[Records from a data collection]
+++
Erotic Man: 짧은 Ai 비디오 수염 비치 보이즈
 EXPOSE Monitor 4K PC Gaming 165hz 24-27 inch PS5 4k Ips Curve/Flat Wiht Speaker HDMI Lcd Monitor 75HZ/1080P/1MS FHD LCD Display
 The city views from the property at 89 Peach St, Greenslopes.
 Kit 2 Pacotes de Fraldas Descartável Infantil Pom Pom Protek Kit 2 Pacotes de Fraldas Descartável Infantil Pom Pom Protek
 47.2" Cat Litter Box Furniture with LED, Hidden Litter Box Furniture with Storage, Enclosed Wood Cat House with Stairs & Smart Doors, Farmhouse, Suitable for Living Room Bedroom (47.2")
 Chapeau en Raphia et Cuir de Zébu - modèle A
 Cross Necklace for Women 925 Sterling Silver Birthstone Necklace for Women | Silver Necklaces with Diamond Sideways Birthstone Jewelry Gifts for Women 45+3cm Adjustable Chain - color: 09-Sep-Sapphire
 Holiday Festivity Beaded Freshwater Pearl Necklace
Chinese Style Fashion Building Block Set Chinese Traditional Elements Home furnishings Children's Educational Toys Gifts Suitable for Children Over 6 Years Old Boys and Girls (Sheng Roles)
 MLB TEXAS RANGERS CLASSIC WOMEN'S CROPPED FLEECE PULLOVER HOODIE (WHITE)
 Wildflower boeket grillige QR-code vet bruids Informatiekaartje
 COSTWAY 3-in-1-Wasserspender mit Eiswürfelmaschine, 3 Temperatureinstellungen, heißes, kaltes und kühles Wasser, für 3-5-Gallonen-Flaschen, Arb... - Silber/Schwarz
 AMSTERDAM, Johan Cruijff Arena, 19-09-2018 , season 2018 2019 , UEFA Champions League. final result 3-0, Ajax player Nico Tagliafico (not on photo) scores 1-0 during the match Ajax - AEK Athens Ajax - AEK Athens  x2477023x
+++
### PROBLEM TO WORK ON
Search the data above for the string "Necklace". Report every line where it is found.

### THE ANSWER
 Cross Necklace for Women 925 Sterling Silver Birthstone Necklace for Women | Silver Necklaces with Diamond Sideways Birthstone Jewelry Gifts for Women 45+3cm Adjustable Chain - color: 09-Sep-Sapphire
 Holiday Festivity Beaded Freshwater Pearl Necklace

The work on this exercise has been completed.